Records provided section start
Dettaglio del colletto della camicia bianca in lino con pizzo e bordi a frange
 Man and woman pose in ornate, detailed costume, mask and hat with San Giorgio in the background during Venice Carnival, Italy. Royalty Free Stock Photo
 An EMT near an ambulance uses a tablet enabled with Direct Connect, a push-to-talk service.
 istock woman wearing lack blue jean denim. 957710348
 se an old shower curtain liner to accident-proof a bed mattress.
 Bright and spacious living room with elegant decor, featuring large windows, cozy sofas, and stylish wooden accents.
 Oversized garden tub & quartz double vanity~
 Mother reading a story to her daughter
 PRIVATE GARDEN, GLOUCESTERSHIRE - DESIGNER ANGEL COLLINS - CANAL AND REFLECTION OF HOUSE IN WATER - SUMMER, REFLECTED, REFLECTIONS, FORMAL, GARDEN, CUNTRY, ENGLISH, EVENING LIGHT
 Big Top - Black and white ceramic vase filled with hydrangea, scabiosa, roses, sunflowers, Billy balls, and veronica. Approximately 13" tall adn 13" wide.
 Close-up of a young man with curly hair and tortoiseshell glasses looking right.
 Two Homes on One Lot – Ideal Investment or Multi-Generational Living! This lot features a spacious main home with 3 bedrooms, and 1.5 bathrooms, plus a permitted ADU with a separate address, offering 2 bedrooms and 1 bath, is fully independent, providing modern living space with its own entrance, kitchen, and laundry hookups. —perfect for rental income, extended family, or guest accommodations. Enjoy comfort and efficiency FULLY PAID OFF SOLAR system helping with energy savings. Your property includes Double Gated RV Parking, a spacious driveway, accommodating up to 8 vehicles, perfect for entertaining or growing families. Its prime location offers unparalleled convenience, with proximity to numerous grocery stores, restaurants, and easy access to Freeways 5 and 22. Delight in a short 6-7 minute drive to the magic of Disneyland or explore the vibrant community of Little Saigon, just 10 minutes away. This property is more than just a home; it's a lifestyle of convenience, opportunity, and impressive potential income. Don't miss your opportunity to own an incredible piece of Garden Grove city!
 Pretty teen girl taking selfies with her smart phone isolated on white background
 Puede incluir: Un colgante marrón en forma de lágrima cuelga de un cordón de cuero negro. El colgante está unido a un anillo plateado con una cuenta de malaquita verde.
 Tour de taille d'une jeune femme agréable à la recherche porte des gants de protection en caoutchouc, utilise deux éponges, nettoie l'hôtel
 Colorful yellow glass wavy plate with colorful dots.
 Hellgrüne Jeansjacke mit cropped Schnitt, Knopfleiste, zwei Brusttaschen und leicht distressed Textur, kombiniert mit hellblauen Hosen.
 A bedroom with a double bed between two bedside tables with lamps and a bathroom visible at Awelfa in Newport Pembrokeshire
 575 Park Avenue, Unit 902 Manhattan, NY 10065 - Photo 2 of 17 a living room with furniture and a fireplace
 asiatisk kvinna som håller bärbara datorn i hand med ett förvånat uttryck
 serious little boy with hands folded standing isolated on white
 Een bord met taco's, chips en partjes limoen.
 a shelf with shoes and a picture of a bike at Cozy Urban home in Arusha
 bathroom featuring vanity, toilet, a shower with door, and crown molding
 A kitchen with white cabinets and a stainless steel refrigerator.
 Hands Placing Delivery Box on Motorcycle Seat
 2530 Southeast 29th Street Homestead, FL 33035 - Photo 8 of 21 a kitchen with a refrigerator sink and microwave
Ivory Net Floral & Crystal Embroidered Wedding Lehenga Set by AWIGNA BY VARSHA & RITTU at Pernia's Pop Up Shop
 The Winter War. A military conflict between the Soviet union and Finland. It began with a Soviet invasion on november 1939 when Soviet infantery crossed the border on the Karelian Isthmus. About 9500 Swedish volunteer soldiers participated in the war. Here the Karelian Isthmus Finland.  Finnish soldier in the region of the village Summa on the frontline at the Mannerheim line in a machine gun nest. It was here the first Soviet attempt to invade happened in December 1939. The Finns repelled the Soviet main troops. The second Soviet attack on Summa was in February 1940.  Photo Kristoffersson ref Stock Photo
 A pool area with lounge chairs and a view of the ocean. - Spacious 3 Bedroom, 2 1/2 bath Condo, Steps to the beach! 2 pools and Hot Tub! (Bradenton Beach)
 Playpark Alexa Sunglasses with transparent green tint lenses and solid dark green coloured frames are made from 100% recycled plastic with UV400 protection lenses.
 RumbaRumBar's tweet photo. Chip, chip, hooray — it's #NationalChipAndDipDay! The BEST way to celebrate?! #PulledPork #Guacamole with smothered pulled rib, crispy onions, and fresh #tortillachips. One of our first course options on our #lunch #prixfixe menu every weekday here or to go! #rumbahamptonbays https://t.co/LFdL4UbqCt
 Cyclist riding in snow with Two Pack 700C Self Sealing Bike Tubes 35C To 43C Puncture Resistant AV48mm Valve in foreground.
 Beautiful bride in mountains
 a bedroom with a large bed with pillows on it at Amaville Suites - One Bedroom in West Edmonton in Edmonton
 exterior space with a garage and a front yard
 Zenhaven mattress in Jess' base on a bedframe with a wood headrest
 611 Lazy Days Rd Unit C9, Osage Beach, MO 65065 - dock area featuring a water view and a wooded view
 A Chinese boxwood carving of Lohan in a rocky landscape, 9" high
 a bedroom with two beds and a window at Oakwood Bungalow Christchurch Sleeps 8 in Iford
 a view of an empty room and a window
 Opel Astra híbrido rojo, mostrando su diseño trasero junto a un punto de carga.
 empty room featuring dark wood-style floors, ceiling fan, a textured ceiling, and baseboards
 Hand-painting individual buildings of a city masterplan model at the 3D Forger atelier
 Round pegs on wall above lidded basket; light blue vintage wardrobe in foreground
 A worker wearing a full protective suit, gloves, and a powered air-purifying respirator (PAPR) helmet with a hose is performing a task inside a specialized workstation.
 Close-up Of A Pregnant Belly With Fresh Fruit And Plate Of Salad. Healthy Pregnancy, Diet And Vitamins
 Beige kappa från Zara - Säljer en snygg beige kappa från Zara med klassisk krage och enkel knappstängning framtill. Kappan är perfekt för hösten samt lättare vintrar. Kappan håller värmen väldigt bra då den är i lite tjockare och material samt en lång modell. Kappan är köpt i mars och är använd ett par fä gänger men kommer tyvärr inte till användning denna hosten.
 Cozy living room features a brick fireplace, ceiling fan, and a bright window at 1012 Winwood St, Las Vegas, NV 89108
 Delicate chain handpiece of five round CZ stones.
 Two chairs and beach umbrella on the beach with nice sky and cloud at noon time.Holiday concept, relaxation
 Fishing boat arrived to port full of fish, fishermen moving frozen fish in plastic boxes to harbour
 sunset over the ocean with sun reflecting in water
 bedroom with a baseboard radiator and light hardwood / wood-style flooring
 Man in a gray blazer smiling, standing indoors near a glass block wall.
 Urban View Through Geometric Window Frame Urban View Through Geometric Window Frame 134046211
Records provided section end
Restate each of the records exactly, leaving nothing out.

→ Result of this exercise:
Dettaglio del colletto della camicia bianca in lino con pizzo e bordi a frange
 Man and woman pose in ornate, detailed costume, mask and hat with San Giorgio in the background during Venice Carnival, Italy. Royalty Free Stock Photo
 An EMT near an ambulance uses a tablet enabled with Direct Connect, a push-to-talk service.
 istock woman wearing lack blue jean denim. 957710348
 se an old shower curtain liner to accident-proof a bed mattress.
 Bright and spacious living room with elegant decor, featuring large windows, cozy sofas, and stylish wooden accents.
 Oversized garden tub & quartz double vanity~
 Mother reading a story to her daughter
 PRIVATE GARDEN, GLOUCESTERSHIRE - DESIGNER ANGEL COLLINS - CANAL AND REFLECTION OF HOUSE IN WATER - SUMMER, REFLECTED, REFLECTIONS, FORMAL, GARDEN, CUNTRY, ENGLISH, EVENING LIGHT
 Big Top - Black and white ceramic vase filled with hydrangea, scabiosa, roses, sunflowers, Billy balls, and veronica. Approximately 13" tall adn 13" wide.
 Close-up of a young man with curly hair and tortoiseshell glasses looking right.
 Two Homes on One Lot – Ideal Investment or Multi-Generational Living! This lot features a spacious main home with 3 bedrooms, and 1.5 bathrooms, plus a permitted ADU with a separate address, offering 2 bedrooms and 1 bath, is fully independent, providing modern living space with its own entrance, kitchen, and laundry hookups. —perfect for rental income, extended family, or guest accommodations. Enjoy comfort and efficiency FULLY PAID OFF SOLAR system helping with energy savings. Your property includes Double Gated RV Parking, a spacious driveway, accommodating up to 8 vehicles, perfect for entertaining or growing families. Its prime location offers unparalleled convenience, with proximity to numerous grocery stores, restaurants, and easy access to Freeways 5 and 22. Delight in a short 6-7 minute drive to the magic of Disneyland or explore the vibrant community of Little Saigon, just 10 minutes away. This property is more than just a home; it's a lifestyle of convenience, opportunity, and impressive potential income. Don't miss your opportunity to own an incredible piece of Garden Grove city!
 Pretty teen girl taking selfies with her smart phone isolated on white background
 Puede incluir: Un colgante marrón en forma de lágrima cuelga de un cordón de cuero negro. El colgante está unido a un anillo plateado con una cuenta de malaquita verde.
 Tour de taille d'une jeune femme agréable à la recherche porte des gants de protection en caoutchouc, utilise deux éponges, nettoie l'hôtel
 Colorful yellow glass wavy plate with colorful dots.
 Hellgrüne Jeansjacke mit cropped Schnitt, Knopfleiste, zwei Brusttaschen und leicht distressed Textur, kombiniert mit hellblauen Hosen.
 A bedroom with a double bed between two bedside tables with lamps and a bathroom visible at Awelfa in Newport Pembrokeshire
 575 Park Avenue, Unit 902 Manhattan, NY 10065 - Photo 2 of 17 a living room with furniture and a fireplace
 asiatisk kvinna som håller bärbara datorn i hand med ett förvånat uttryck
 serious little boy with hands folded standing isolated on white
 Een bord met taco's, chips en partjes limoen.
 a shelf with shoes and a picture of a bike at Cozy Urban home in Arusha
 bathroom featuring vanity, toilet, a shower with door, and crown molding
 A kitchen with white cabinets and a stainless steel refrigerator.
 Hands Placing Delivery Box on Motorcycle Seat
 2530 Southeast 29th Street Homestead, FL 33035 - Photo 8 of 21 a kitchen with a refrigerator sink and microwave
Ivory Net Floral & Crystal Embroidered Wedding Lehenga Set by AWIGNA BY VARSHA & RITTU at Pernia's Pop Up Shop
 The Winter War. A military conflict between the Soviet union and Finland. It began with a Soviet invasion on november 1939 when Soviet infantery crossed the border on the Karelian Isthmus. About 9500 Swedish volunteer soldiers participated in the war. Here the Karelian Isthmus Finland.  Finnish soldier in the region of the village Summa on the frontline at the Mannerheim line in a machine gun nest. It was here the first Soviet attempt to invade happened in December 1939. The Finns repelled the Soviet main troops. The second Soviet attack on Summa was in February 1940.  Photo Kristoffersson ref Stock Photo
 A pool area with lounge chairs and a view of the ocean. - Spacious 3 Bedroom, 2 1/2 bath Condo, Steps to the beach! 2 pools and Hot Tub! (Bradenton Beach)
 Playpark Alexa Sunglasses with transparent green tint lenses and solid dark green coloured frames are made from 100% recycled plastic with UV400 protection lenses.
 RumbaRumBar's tweet photo. Chip, chip, hooray — it's #NationalChipAndDipDay! The BEST way to celebrate?! #PulledPork #Guacamole with smothered pulled rib, crispy onions, and fresh #tortillachips. One of our first course options on our #lunch #prixfixe menu every weekday here or to go! #rumbahamptonbays https://t.co/LFdL4UbqCt
 Cyclist riding in snow with Two Pack 700C Self Sealing Bike Tubes 35C To 43C Puncture Resistant AV48mm Valve in foreground.
 Beautiful bride in mountains
 a bedroom with a large bed with pillows on it at Amaville Suites - One Bedroom in West Edmonton in Edmonton
 exterior space with a garage and a front yard
 Zenhaven mattress in Jess' base on a bedframe with a wood headrest
 611 Lazy Days Rd Unit C9, Osage Beach, MO 65065 - dock area featuring a water view and a wooded view
 A Chinese boxwood carving of Lohan in a rocky landscape, 9" high
 a bedroom with two beds and a window at Oakwood Bungalow Christchurch Sleeps 8 in Iford
 a view of an empty room and a window
 Opel Astra híbrido rojo, mostrando su diseño trasero junto a un punto de carga.
 empty room featuring dark wood-style floors, ceiling fan, a textured ceiling, and baseboards
 Hand-painting individual buildings of a city masterplan model at the 3D Forger atelier
 Round pegs on wall above lidded basket; light blue vintage wardrobe in foreground
 A worker wearing a full protective suit, gloves, and a powered air-purifying respirator (PAPR) helmet with a hose is performing a task inside a specialized workstation.
 Close-up Of A Pregnant Belly With Fresh Fruit And Plate Of Salad. Healthy Pregnancy, Diet And Vitamins
 Beige kappa från Zara - Säljer en snygg beige kappa från Zara med klassisk krage och enkel knappstängning framtill. Kappan är perfekt för hösten samt lättare vintrar. Kappan håller värmen väldigt bra då den är i lite tjockare och material samt en lång modell. Kappan är köpt i mars och är använd ett par fä gänger men kommer tyvärr inte till användning denna hosten.
 Cozy living room features a brick fireplace, ceiling fan, and a bright window at 1012 Winwood St, Las Vegas, NV 89108
 Delicate chain handpiece of five round CZ stones.
 Two chairs and beach umbrella on the beach with nice sky and cloud at noon time.Holiday concept, relaxation
 Fishing boat arrived to port full of fish, fishermen moving frozen fish in plastic boxes to harbour
 sunset over the ocean with sun reflecting in water
 bedroom with a baseboard radiator and light hardwood / wood-style flooring
 Man in a gray blazer smiling, standing indoors near a glass block wall.
 Urban View Through Geometric Window Frame Urban View Through Geometric Window Frame 134046211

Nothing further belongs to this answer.